Expo 2015: il caffè, bevanda che unisce il mondo

3 Marzo 2015

Expo 2015 – Il caffè è un piccolo albero sempreverde da cui semi torrefatti e macinati si ottiene la bevanda dallo stesso nome che è conosciuta in tutto il mondo, pur se preparata in modi diversi. I frutti del caffè sono bacche rosse e ognuna contiene due semi; dopo la raccolta, le bacche vengono lavorate in modo da estrarne i chicchi, poi esportati o messi in commercio allo stato grezzo. Le aziende distributrici si occupano della torrefazione e della tostatura (che può essere leggera o spinta, ossia effettuata a temperature più elevate).

Il caffè è molto coltivato in tutta la fascia tropicale della Terra, dall’America del Sud all’Asia e all’Africa ed è la materia prima più scambiata al mondo, dopo il petrolio.

Tante sono le varietà di caffè e due, in particolare, sono le più apprezzate:

  • coffea arabica che dà un caffè aromatico, dal fusto fine;
  • coffea canephora (o robusta) fornisce una bevanda molto meno profumata della prima, ma dal sapore più corposo, quasi legnoso, e più ricco di caffeina.

Queste due varietà danno vita a una serie enorme di miscele che vengono commercializzate in tutto il mondo.

Per ottenere il caffè decaffeinato i chicchi sono trattati con idrocarburi prima della tostatura; il caffè solubile, invece, è ricavato da un’infusione e poi sottoposto a disidratazione (e congelamento nel caso di prodotto liofilizzato)

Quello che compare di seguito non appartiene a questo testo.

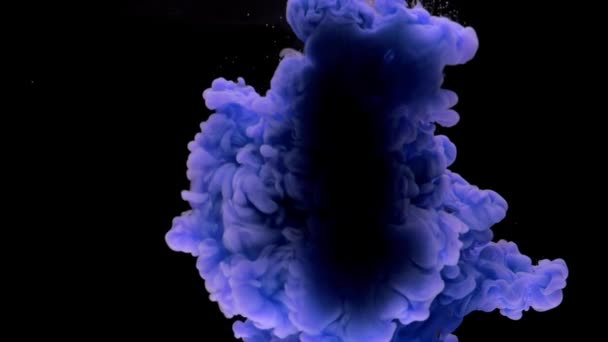 カラフルな青いインクは 水中で混合し コピースペースと黒い背景に柔らかく水中を旋回し 上から滴ります 塗料の着色されたアクリル雲が分離しました 抽象的な煙の爆発アニメーション スローモーション — ストック動画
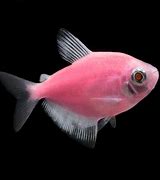 Image result for Pink Fish with Whiskers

Diamo uno sguardo ad alcune ricette particolari realizzate con il caffè, muovendoci nell’area composta dai seguenti paesi: Burundi, Costa Rica, El Salvador, Kenya, Ruanda, Uganda, Yemen, Etiopia e Guatemala.

Lo Yemen e il caffè allo zenzero

Sembra che il caffè così come lo conosciamo sia nato in Yemen e per questo una ricetta di caffè yemenita è d’obbligo. Nello Yemen il caffè è coltivato sulle zone montuose ed ecco una ricetta per gustarlo in maniera sbarazzina.

Gli ingredienti per il caffè allo zenzero sono i seguenti:

    30 g di caffè in polvere
    20 g di zucchero
    7 g di zenzero in polvere
    230 ml di acqua

Procedimento

In un pentolino mettete tutti gli ingredienti e portate a ebollizione. Appena bolle togliete dal fuoco e fate spegnere il bollore. Quando il caffè non bollirà più rimettetelo sul fuoco ripetete l’operazione. E poi ancora una volta. In pratica, dovrete far bollire il caffè per tre volte.

La terza volta, togliete dal fuoco e aspettate un paio di minuti per far depositare le polveri sul fondo, quindi servite con delicatezza.

Il caffè alla cannella dal Guatemala

Dal Guatemala, stato dell’America Centrale, proviene molto caffè: i terreni più redditizi di questo Paese, infatti, sono destinati alle colture di piantagione (soprattutto banane, caffè e canna da zucchero), controllate, purtroppo, da compagnie straniere.

Per preparare il caffè alla cannella per quattro persone, questi sono gli ingredienti:

    4 cucchiai di caffè in polvere
    4 pezzi di cannella di media lunghezza
    un pizzico di cannella

Procedimento

Preparate il caffè nel modo solito e quando è ancora molto caldo unitevi un pizzico di cannella in polvere. Mescolate per far sciogliere la cannella, quindi versate nelle tazzine, in cui avrete messo un pezzo di cannella.

El Salvador e il caffè di mais

Nella Repubblica di El Salvador il caffè è molto coltivato, ma lo è di più il mais e allora è stata inventata la ricetta del caffè di mais, i cui ingredienti sono i seguenti:

    500 g di mais
    5 pezzi di cannella
    5 grani di pepe nero

Procedimento

Fate bollire il mais con l’acqua in una pentola e, quando sarà cotto, scolatelo e fatelo tostare su una piastra o una padella rovente. Quando il mais sarà tostato, unite la cannella e il pepe e macinate il tutto, fino a ottenere un composto molto fine.

Si conserva in un barattolo di vetro e per ottenerne una bevanda è sufficiente versare qualche cucchiaio nell’acqua e portarlo a ebollizione. Ovviamente la quantità di caffè da mettere nell’acqua dipende dal vostro gusto.